I really want a small as possible device like a PC on a stick thing for hdmi ports but I have no idea if it's easier to buy a cheap Android one or spend a little more?

I'm also aware of the Retropi but I was wondering it it's possible to have something that can be powered by the USB port of my TV.


----------



## Daniablo (Jul 20, 2015)

You could grab an Amazon Fire Stick (which you can power by the TV) and side-load an emulator using http://sideloadfiretv.com/ however I don't know how'd you'd go about getting a controller to work (maybe you can side load one of those android PS3 Controller apps?) or you can try with the Fire Stick Remote.


----------



## sarkwalvein (Jul 20, 2015)

Yes, it is possible if you go the android way.
I can assure you this can be done using a RPi (powered by the USB TV, connected to the HDMI, running emulators).
But for sure there are better and smaller options.


----------



## andrew weeks (Jul 20, 2015)

MMMM if you want to run Dolphin of PCSX2 i think you should need a laptop


----------



## The Real Jdbye (Jul 20, 2015)

You might be able to power a Pi 1 from the TV's USB port, just barely. The Pi 2 probably draws too much power though.
You could always use an Y-splitter.
The Pi is small enough to stick on the back of the TV and forget about, so it really doesn't need to be any smaller.
I've heard that many Android sticks suffer from heat issues, which might be due to their extremely small size. You won't have that issue with a Pi.
It's definitely not a bad idea to go with a Pi, it's a little more work than an Android stick but you have more freedom with it. You can even use it as a PC if you want to.
Otherwise, a cheap Android stick will probably work fine too, just make sure you get one that has good reviews. You can't go wrong with either really.


----------



## Harsky (Jul 20, 2015)

I think the other big factor is controller. I have a PS3/Wii U Pro controller and if there's any android sticks with built in bluetooth that can handle those, that would be awesome.


----------



## Amadren (Jul 20, 2015)

One thing I love is: Raspberry Pi, it have a specific OS (named RecallBox) full of emulators to play retro game ^^ Compatible with a joystick. A review here: http://korben.info/recalbox.html (FR but you can use google trad) Official website: http://www.recalbox.com/ Tuto here: http://www.recalbox.com/diyrecalbox

The raspberry pi costs about 45$ and is really small btw.


----------



## Harsky (Jul 20, 2015)

Damn, I'm now tempted by the Raspberry Pi. Is the cheapest model okay for the NES/SNES/GBA games or should I splash out and get the Pi 2?


----------



## Amadren (Jul 20, 2015)

It's recommended use Pi 2 but you can also use a Raspberry Pi 1 B/B+. You'll also need a joystick and a 16gb SD Card. But, if you want a good solution to play easily and convienently retro games, go with the RPI solution, you'll love it  You can also, for exemple, use another SD card and install a media server...


----------



## Harsky (Jul 20, 2015)

Bought the Raspberry Pi 2 today from my local electrical store. Installing Recal now but is it possible to get Spillpass working on this at the same time as well?


----------



## Xenon Hacks (Jul 20, 2015)

This is what your looking for http://www.intel.com/content/www/us/en/compute-stick/intel-compute-stick.html


----------



## Amadren (Jul 20, 2015)

You **should** be able to use Spillpass at the same time. Link: http://www.spillmonkey.com/?page_id=169


----------



## Harsky (Jul 29, 2015)

Over a week later with the Raspberry Pi 2 and I thought I'd give a mini review.For some reason, Recalbox wasn't my type of emulator program so I went for the old fashioned Retropie. As a newbie who has no grasp of anything command line related, an hour with Youtube and I was finally able to get NES/SNES games running without any problem. Only major problem was that the cheap £1 bluetooth adapter didn't work so I hard to resort to a wired PS3. Waiting for a different one that's been recommended on different sites.

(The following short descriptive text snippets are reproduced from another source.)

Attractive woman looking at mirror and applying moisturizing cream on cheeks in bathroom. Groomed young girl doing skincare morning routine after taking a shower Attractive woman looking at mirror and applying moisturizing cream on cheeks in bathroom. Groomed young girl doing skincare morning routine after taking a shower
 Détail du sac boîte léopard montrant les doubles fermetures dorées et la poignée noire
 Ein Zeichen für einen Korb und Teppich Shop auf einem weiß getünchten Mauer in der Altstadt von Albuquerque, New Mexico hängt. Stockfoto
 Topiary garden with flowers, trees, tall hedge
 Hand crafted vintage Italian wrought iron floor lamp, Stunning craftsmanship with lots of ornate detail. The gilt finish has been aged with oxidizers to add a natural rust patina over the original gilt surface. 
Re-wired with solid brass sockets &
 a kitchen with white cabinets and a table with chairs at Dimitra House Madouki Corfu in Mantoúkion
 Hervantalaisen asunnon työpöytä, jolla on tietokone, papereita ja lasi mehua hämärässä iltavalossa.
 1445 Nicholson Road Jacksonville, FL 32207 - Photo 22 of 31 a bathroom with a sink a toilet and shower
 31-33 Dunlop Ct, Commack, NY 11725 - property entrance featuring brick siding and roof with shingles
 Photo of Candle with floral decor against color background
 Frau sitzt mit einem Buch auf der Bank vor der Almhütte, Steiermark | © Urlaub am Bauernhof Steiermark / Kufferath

My other question is, is there another way of turning on the Raspberry Pi? I go to Retropie to shut it down and when I want to play it again, I have to unplug and plug in the micro usb charger to turn it on. Is there a something I'm missing or am I that stupid?


----------



## The Real Jdbye (Jul 30, 2015)

Harsky said:


> Over a week later with the Raspberry Pi 2 and I thought I'd give a mini review.For some reason, Recalbox wasn't my type of emulator program so I went for the old fashioned Retropie. As a newbie who has no grasp of anything command line related, an hour with Youtube and I was finally able to get NES/SNES games running without any problem. Only major problem was that the cheap £1 bluetooth adapter didn't work so I hard to resort to a wired PS3. Waiting for a different one that's been recommended on different sites.
> 
> My other question is, is there another way of turning on the Raspberry Pi? I go to Retropie to shut it down and when I want to play it again, I have to unplug and plug in the micro usb charger to turn it on. Is there a something I'm missing or am I that stupid?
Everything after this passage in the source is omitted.